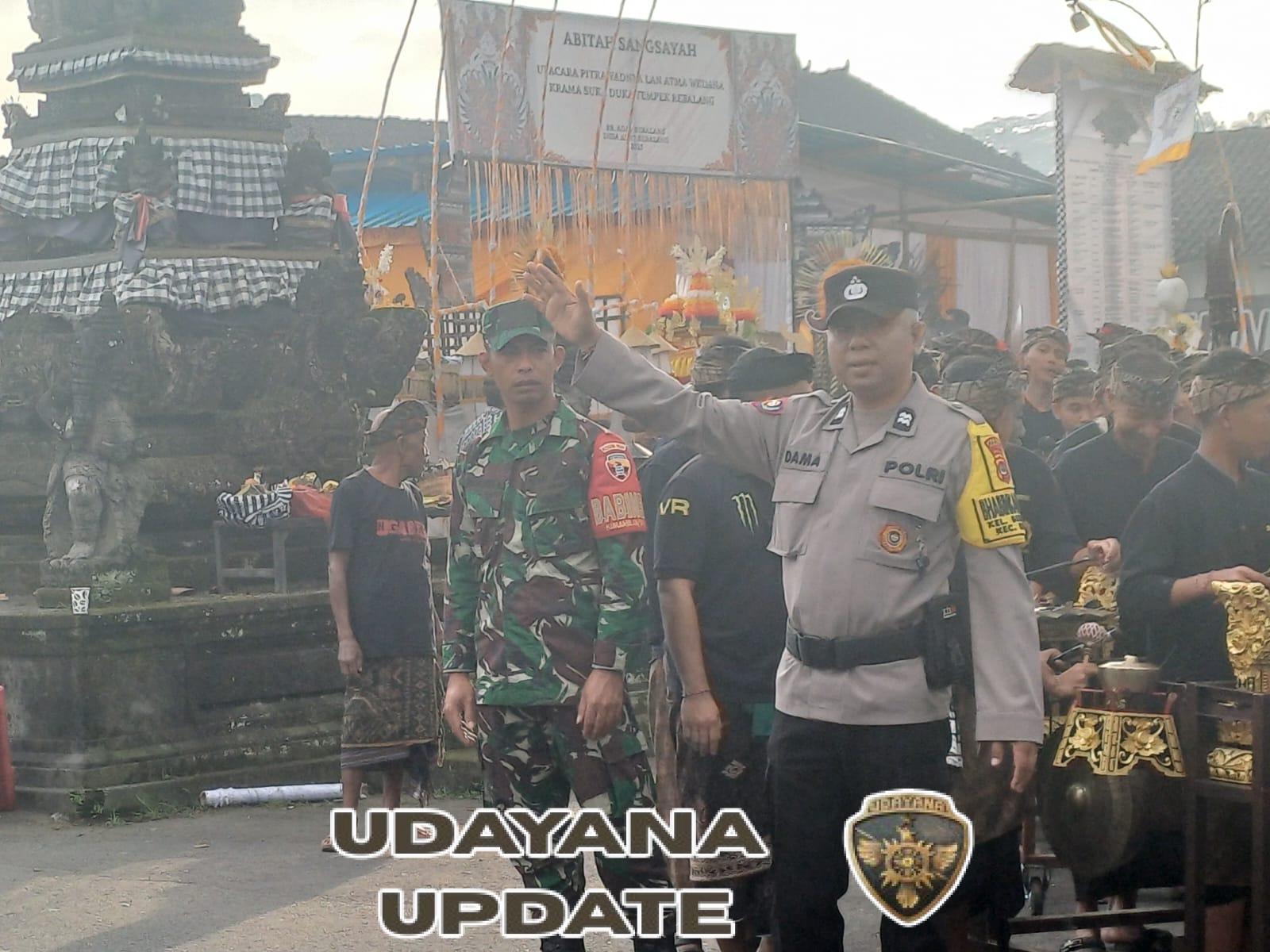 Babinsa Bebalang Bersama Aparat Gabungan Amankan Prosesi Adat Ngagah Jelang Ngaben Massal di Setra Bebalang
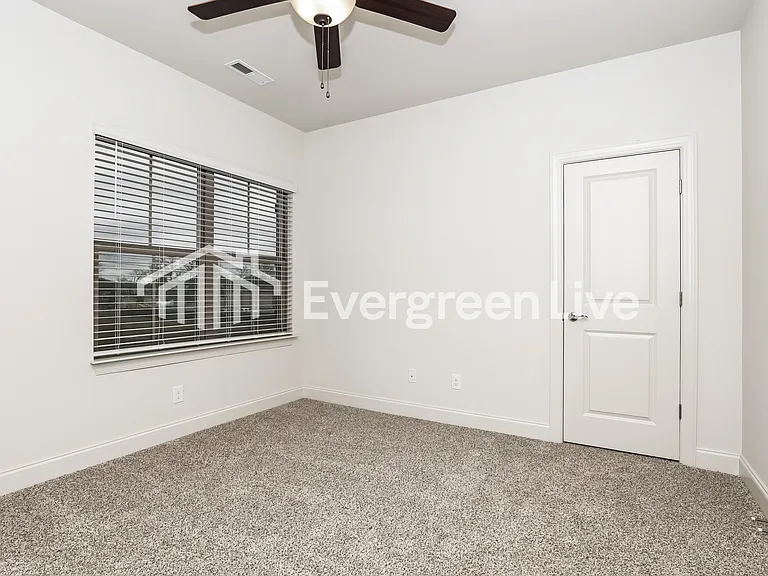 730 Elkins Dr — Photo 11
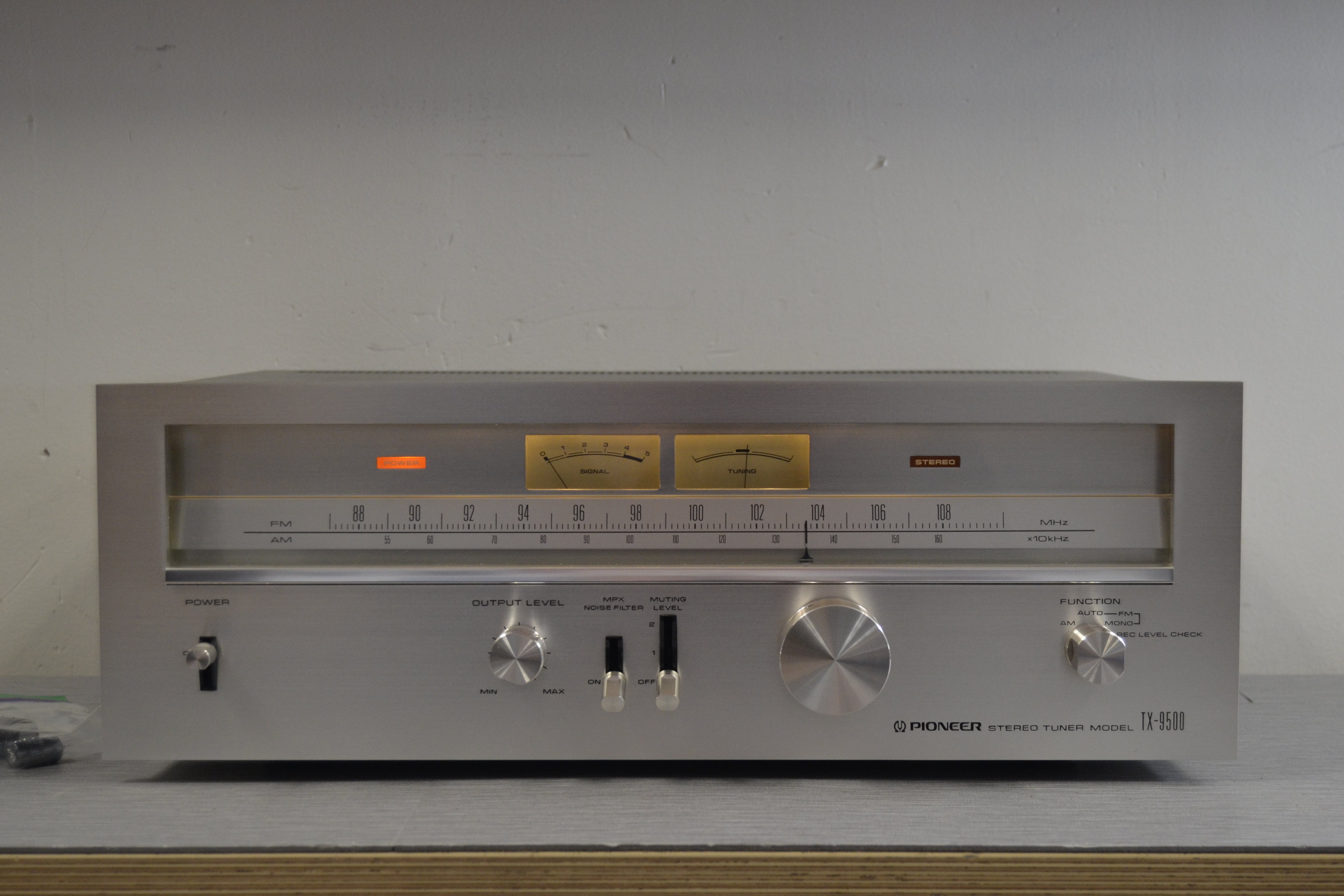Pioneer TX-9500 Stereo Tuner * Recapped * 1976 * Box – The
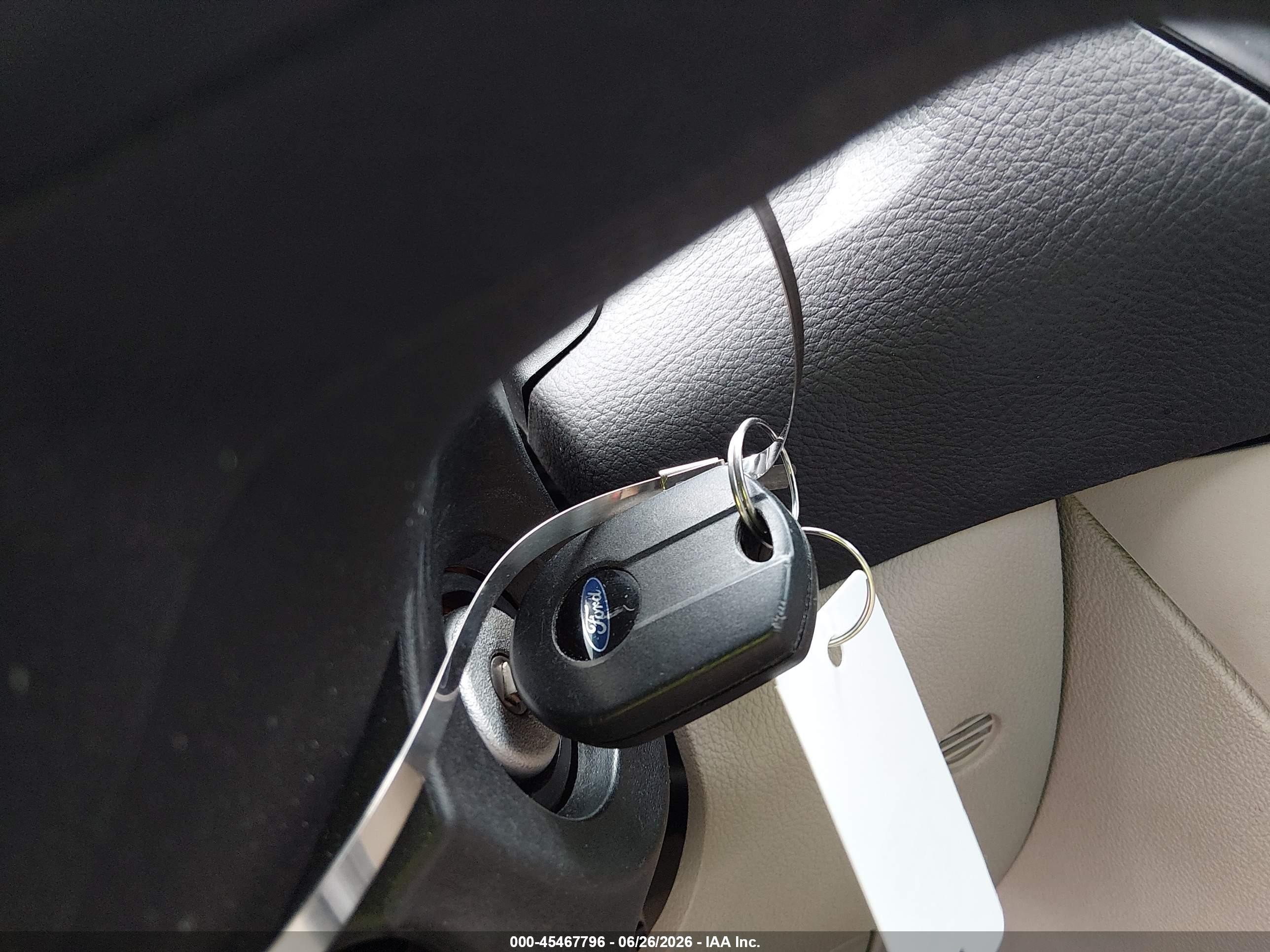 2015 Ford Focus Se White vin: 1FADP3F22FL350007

--

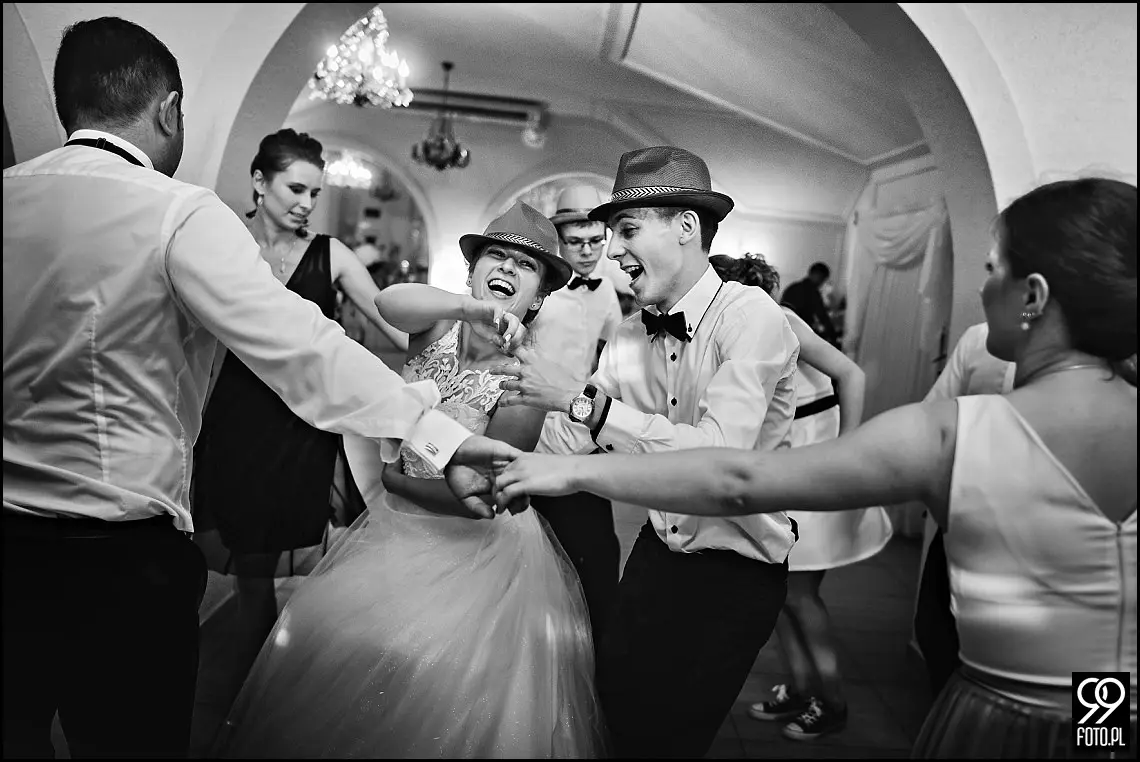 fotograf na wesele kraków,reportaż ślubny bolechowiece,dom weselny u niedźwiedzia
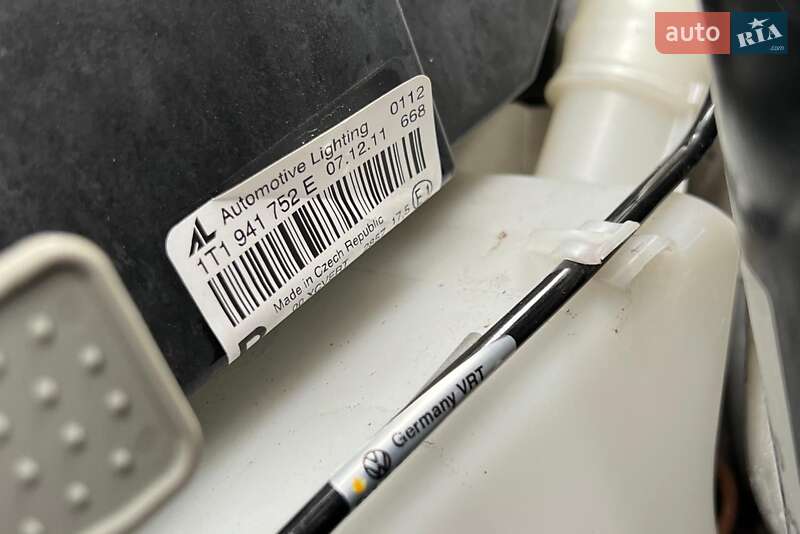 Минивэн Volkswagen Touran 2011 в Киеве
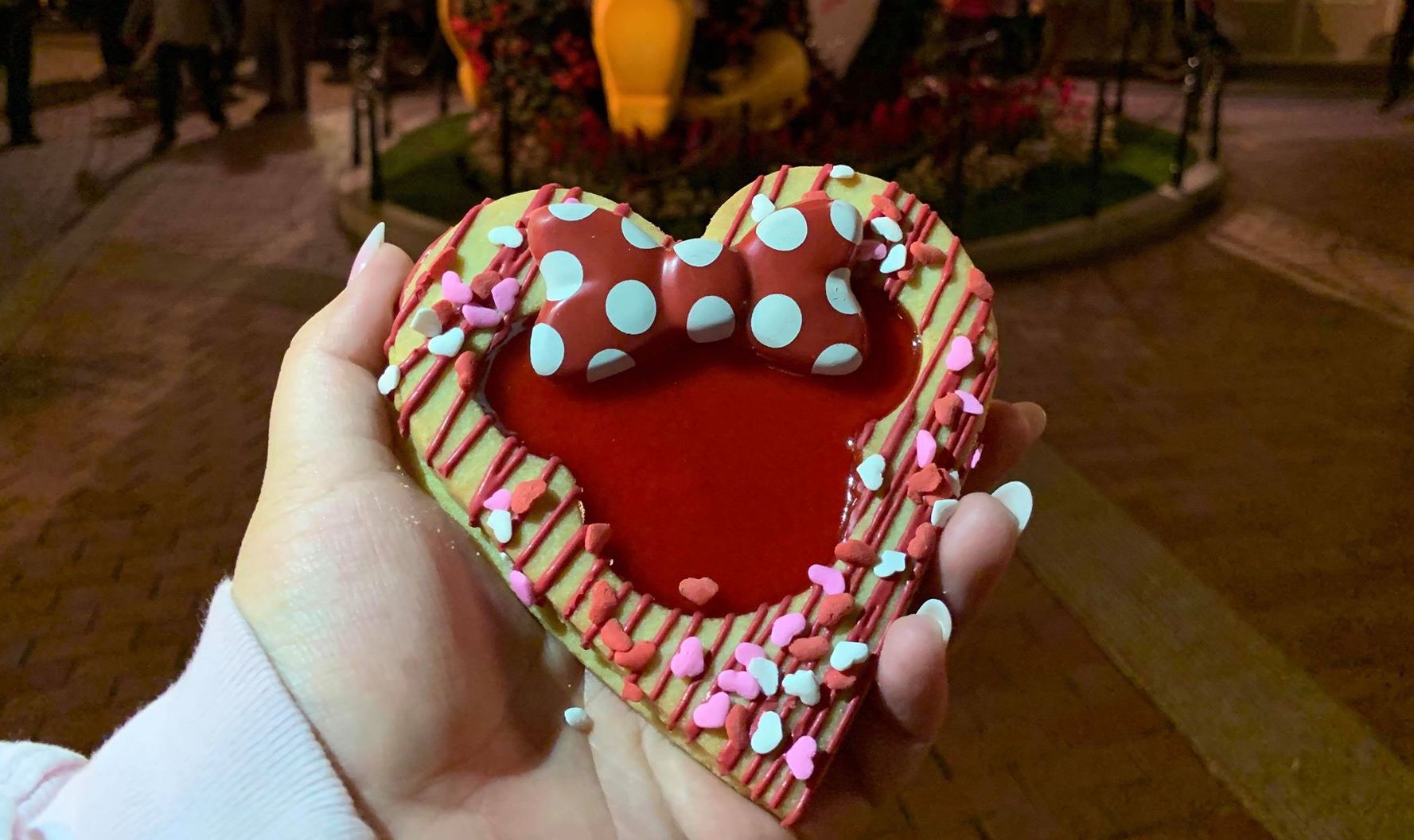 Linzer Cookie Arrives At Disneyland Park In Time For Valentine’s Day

Required action: Up in the listing, locate the line with "Минивэн Volkswagen Touran 2011 в Киеве"; print it and every line after it down to the line with "Linzer Cookie Arrives", which is included too. Skip the pictures.

Written solution:
 Минивэн Volkswagen Touran 2011 в Киеве
 Linzer Cookie Arrives At Disneyland Park In Time For Valentine’s Day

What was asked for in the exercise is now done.